Kuratorin Felicity Korn über die Ausstellung zu Hans-Peter Feldmann in Düsseldorf – Sammlung 09/25

Der Künstler eignete sich Werke anderer an, verfremdete sie oder stellte sie in neue Kontexte. Das Museum Kunstpalast zeigt die letzte Ausstellung, an der Feldmann vor seinem Tod 2023 mitgearbeitet hat.

engels: Frau Korn, wo fängt bei Hans-Peter Feldmann die Kunst an?

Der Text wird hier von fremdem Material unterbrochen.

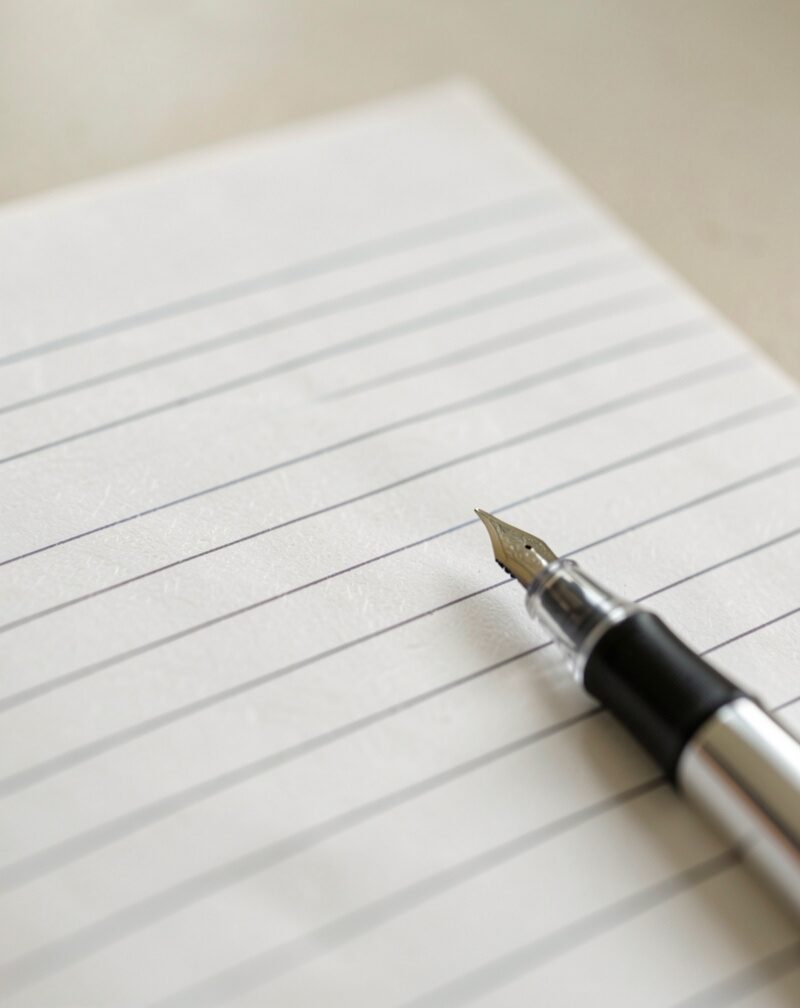 A blank ruled clipboard lying empty on a kitchen counter beside a plate of cookies, a pen resting across it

Felicity Korn: Das ist genau die Frage, die unsere Ausstellung stellen will und die auch Hans-Peter Feldmann in seiner Kunst beschäftigt. In seinen Werken geht es eigentlich immer darum, dass er das Nachdenken darüber anregen möchte, wo die Kunst anfängt und der Alltag aufhört und wo sich beides vielleicht begegnet. Ist es überhaupt möglich, Grenzen zu ziehen oder fließen Kunst und Leben ineinander? Jede:r hat eine andere Perspektive auf die Frage. Feldmann möchte die Grenzen, die der Kunstbetrieb suggeriert, aufbrechen. Dies tut er mit einer gewissen Lockerheit und Leichtigkeit.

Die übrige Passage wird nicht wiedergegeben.